Las caras largas porque ya es la 1:00 de la tarde y no han servido para todos el almuerzo se hace notar. Dice Omaira Gallego, una mujer que ayuda en el albergue, que muchas mujeres piden hasta doble ración para sacarles a sus maridos que están esperando afuera y que no los dejan entrar porque la regla del albergue es cero hombres.

Unas cuentan sus historias de cómo se sintieron sacadas con sus esposos e hijos, otras más calladas ante los periodistas prefieren no decir nada.  

Aminta fue dejada a su suerte en la mitad del puente internacional Simón Bolívar, que separa a Colombia de Venezuela, aún con las suturas de la cesárea y las dolencias del posparto.

Pero el dolor que tuvo que soportar cuando fue dejada en la línea divisoria es mínimo. Dice que le dolió más dejar atrás su rancho, aquel que había construido con tanto esfuerzo con 10 años de trabajo junto a su marido.

Comenta que tres horas antes, mientras alimentaba a su hijo y cuidaba de sus otros tres pequeños en casa, fue sacada a pie desde Mi Pequeña Barinas (invasión en San Antonio del Táchira) hasta un polideportivo donde había otras personas colombianas.

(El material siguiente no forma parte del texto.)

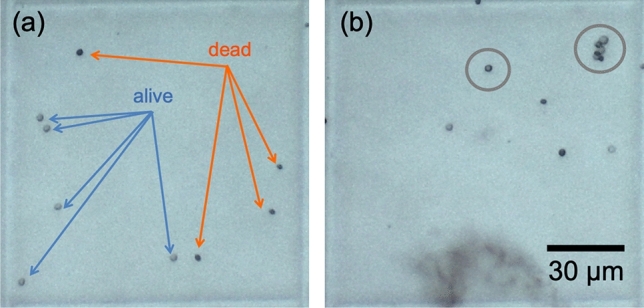 Typical results of a trypan blue exclusion assay. (a) A grid cell showing a mix of live and dead yeast cells. Live cells do not absorb the dye and appear light gray. They are identified with blue arrows. Dead cells are permeable to the dye and appear dark blue/gray. They are identified with orange arrows (b) A grid cell showing cells with an inconclusive viability status based on the trypan blue exclusion assay. Those with an inconclusive status are circumscribed by gray circles.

“Allá permanecimos una hora esperando como animales. De por sí el trato de los guardias hacia los colombianos no es el mejor” dice. “Hasta que no llenaron toda la cancha no mandaron a recogernos, y uno con esa sed y sin nada que tomar ni dónde ponerse a la sombra”, narra Aminta con tal precisión como si lo estuviere viviendo otra vez.